In White Mountain Freezer Co. v. Murphy, 78 N. H. 398, 101 Atl. 357, the Moulders' Union struck for a closed shop, and the bill sought a restraint. The Supreme Court was asked to rule on certain questions, as matters of law, in advance of the trial. The court refused to rule that a strike for a closed shop constituted a conspiracy as a matter of law, but held that it established a prima facie case of unlawful interference, which may be justified, and that justification was a question of fact, to be determined as a question of law only if upon the evidence reasonable men could come to but one conclusion. It also found itself unable to rule that competition was a justification (citing Pickett v. Walsh, 192 Mass. 572, 78 N. E. 753, 6 L. R. A. [N. S.] 1067, 116 Am. St Rep.272, 7 Ann. Cas. 638), since there was no evidence of competition before the court to sustain the claim.
National Fireproofing Ass'n v. Mason, it is argued, is dispositive of the complainants' right to relief, if it is true, as is claimed, that they are not parlies to the New York agreement. The difference between the two eases is obvious. In the cited case the plaintiff suffered injury in consequence of a lawful contract entered into between the unions and the builders to secure to the unions certain work in competition with the plaintiff, while here the complainants are victims of a strike, because they refuse to be parties to, or comply with the terms of, an unlawful contract, which excludes the employment of nonunion men, for which there has not been shown legal cause or excuse.

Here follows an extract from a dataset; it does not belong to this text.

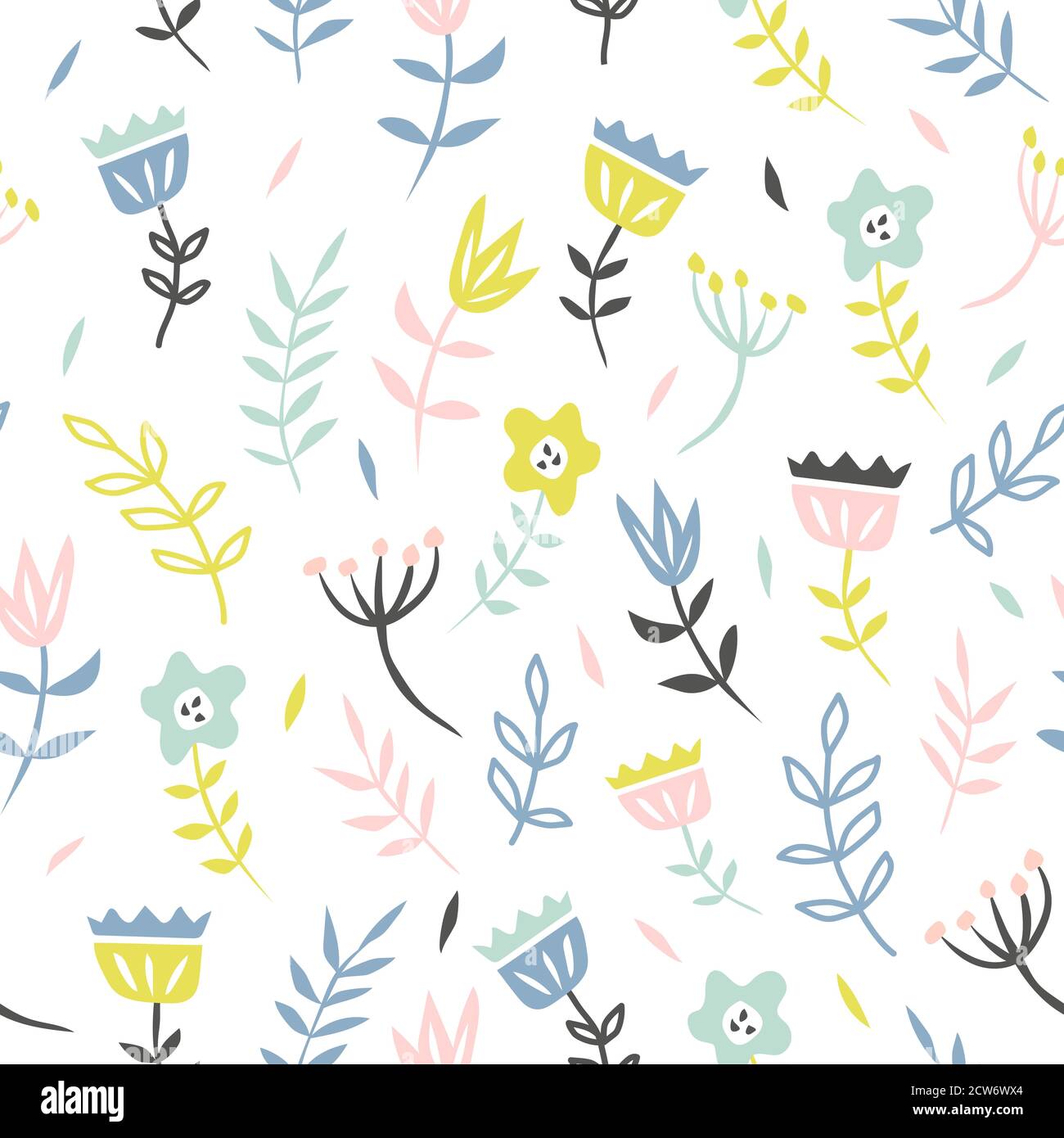 Floral seamless pattern with cute flower and leaves. Creative texture for fabric and textile Stock Vector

White Mountain Freezer Co. v. Murphy, supra, clearly indicates the point of cleavage, that prima facie a strike for a closed shop is unlawful, but may be justified by showing that it was inaugurated to advance the material interests of the unions.
The conclusion upon the case as presented is that the New York contract violates public policy, and that the sympathetic strike is without just cause or excuse, and is unlawful.
Lehman and the Atlantic Company say they were not parties to the sympathetic strike, and consequently not parties to the conspiracy of the unions. That they were, it seems to me, admits of no doubt. They were and are fixed in mind not to allow the work to be done by nonunionists, and to this end brought suit to restrain the complainants, and, when they failed, ordered the complainants off the job for no other reason than that they were going to complete it with the labor of the unannointed. Their excuse is that they feared the wrath of organized labor, and were acting in self-defense. In other words, they breached their contract to avert a general strike of the trades unions on the work. That that is not a legal excuse for breaching the contract needs no argument, and that it furnishes a legal excuse for joining the oppressors of the complainants is even less defensible. Their protection lies in the law, not in the graces of those who transgress the law. Their further contention that they were moved to their course by causes wholly independent of the motives of the unions, that they were prompted solely by a desire to escape a labor squabble, and to have their building completed expeditiously, is irreconcilable with their activities and the means they used to accomplish the unlawful aim of the unions, in common with the unions, to make the sympathetic strike effective, viz. by preventing the complainants from employing nonunion men. Their motive may not have been coextensive with that of the unions; they may have been wholly indifferent as to the success of the ultimate object of the sympathetic strike, but a common ground upon which they met the unions, a common motive that actuated them, and made them coconspirators, was the enforcement of the closed shop at Brills.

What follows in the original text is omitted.